Law School Labor Dispute Enters Second Stage

Harvard Law School has concluded the first phase of an investigation into what workers called discriminatory labor practices, including unfairly firing longtime employees and requiring those who speak Spanish to learn English.

The Law School initially launched the investigation after a delegation of custodial workers from the Law School went to Dean Martha Minow’s office almost two weeks ago and submitted a letter of complaint. Dean Minow authorized the investigation almost immediately.

The first phase of the investigation involved interviewing a large number of Law School administrators. The Law School is slated to begin a second round of interviews, though the University declined to comment on the nature of the discussions.

The alleged practices, according to the letter, began approximately six months ago, just after an unidentified administrator was hired by the Law School.

Leaders within SEIU Local 615, the union representing Harvard custodians, said they were pleased with the University’s quick response to their complaint.


“Obviously, this is very good,” Wayne M. Langley, director of higher education for Local 615, said of the University finishing the first portion of its investigation. “We’re really happy with the progress that the University is making.”

Custodians on the delegation hope this process will lead to a quick improvement in job quality.

“Hopefully, since the investigation is going so quickly, we’ll be able to work in a better place very soon,” said one member of the delegation, who wished to remain anonymous to protect his relationship with his employer.

The University declined to comment on the ongoing investigation but said it is treating the complaint as a matter of great importance.

“We take allegations of discrimination very seriously,” University spokesperson Kevin Galvin wrote in an email statement. “Representatives of the Law School and the University’s Office of Labor and Employee Relations are meeting directly with union representatives and the staff members involved in order to gather information about the complaint.”

Langley said that he appreciates the seriousness with which the University is treating the investigation. He emphasized the importance of the University and union continuing to work together to come to a solution.
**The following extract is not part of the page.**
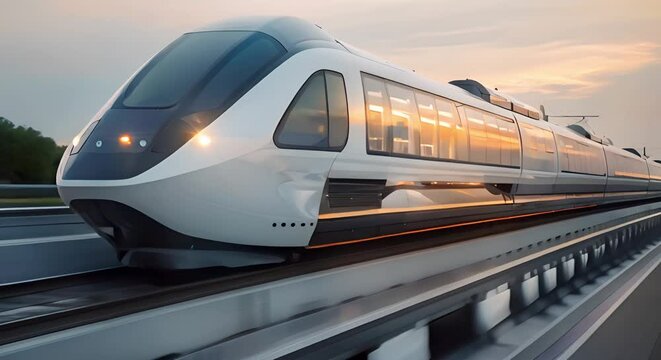 Futuristic maglev train design showcases cuttingedge transportation innovation with magnetic levitation technology. Concept Technology, Transportation, Innovation, Maglev Train, Future Design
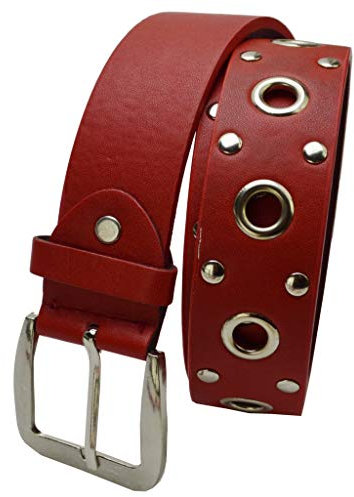 flevado Lochgürtel 1 Loch Nietengürtel ca. 3,6 Breit (Rot, 120 cm)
“It’s very important that they are keeping us updated—they’re sticking to their word,” Langley said. “Together we can hopefully come to a solution to this issue.”

Langley said that while the complaint comes in the midst of custodial contract negotiations between Local 615 and the University, it is unlikely to influence contract discussions.

“They’ve responded appropriately and we’re very pleased with that,” Langley said. “Everything should proceed smoothly.”